§ Problem requirements:
Nothing should be left out. Give all the data again exactly as written.

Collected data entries
——

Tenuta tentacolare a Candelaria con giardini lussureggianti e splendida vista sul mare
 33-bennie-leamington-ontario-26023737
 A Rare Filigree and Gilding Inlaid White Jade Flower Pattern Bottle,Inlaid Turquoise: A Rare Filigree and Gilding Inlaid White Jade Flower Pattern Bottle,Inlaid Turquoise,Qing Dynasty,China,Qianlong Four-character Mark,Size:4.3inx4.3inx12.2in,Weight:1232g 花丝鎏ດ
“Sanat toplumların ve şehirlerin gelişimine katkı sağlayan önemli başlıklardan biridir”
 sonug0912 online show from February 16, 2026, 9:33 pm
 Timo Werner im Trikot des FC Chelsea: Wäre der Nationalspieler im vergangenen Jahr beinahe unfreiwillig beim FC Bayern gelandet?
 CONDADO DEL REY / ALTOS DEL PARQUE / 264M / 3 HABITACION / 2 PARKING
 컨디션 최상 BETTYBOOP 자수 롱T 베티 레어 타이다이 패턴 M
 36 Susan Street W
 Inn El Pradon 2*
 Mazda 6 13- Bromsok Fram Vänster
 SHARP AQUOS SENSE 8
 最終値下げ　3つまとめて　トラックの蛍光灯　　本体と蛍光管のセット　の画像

——

§ Solution:
Tenuta tentacolare a Candelaria con giardini lussureggianti e splendida vista sul mare
 33-bennie-leamington-ontario-26023737
 A Rare Filigree and Gilding Inlaid White Jade Flower Pattern Bottle,Inlaid Turquoise: A Rare Filigree and Gilding Inlaid White Jade Flower Pattern Bottle,Inlaid Turquoise,Qing Dynasty,China,Qianlong Four-character Mark,Size:4.3inx4.3inx12.2in,Weight:1232g 花丝鎏ດ
“Sanat toplumların ve şehirlerin gelişimine katkı sağlayan önemli başlıklardan biridir”
 sonug0912 online show from February 16, 2026, 9:33 pm
 Timo Werner im Trikot des FC Chelsea: Wäre der Nationalspieler im vergangenen Jahr beinahe unfreiwillig beim FC Bayern gelandet?
 CONDADO DEL REY / ALTOS DEL PARQUE / 264M / 3 HABITACION / 2 PARKING
 컨디션 최상 BETTYBOOP 자수 롱T 베티 레어 타이다이 패턴 M
 36 Susan Street W
 Inn El Pradon 2*
 Mazda 6 13- Bromsok Fram Vänster
 SHARP AQUOS SENSE 8
 最終値下げ　3つまとめて　トラックの蛍光灯　　本体と蛍光管のセット　の画像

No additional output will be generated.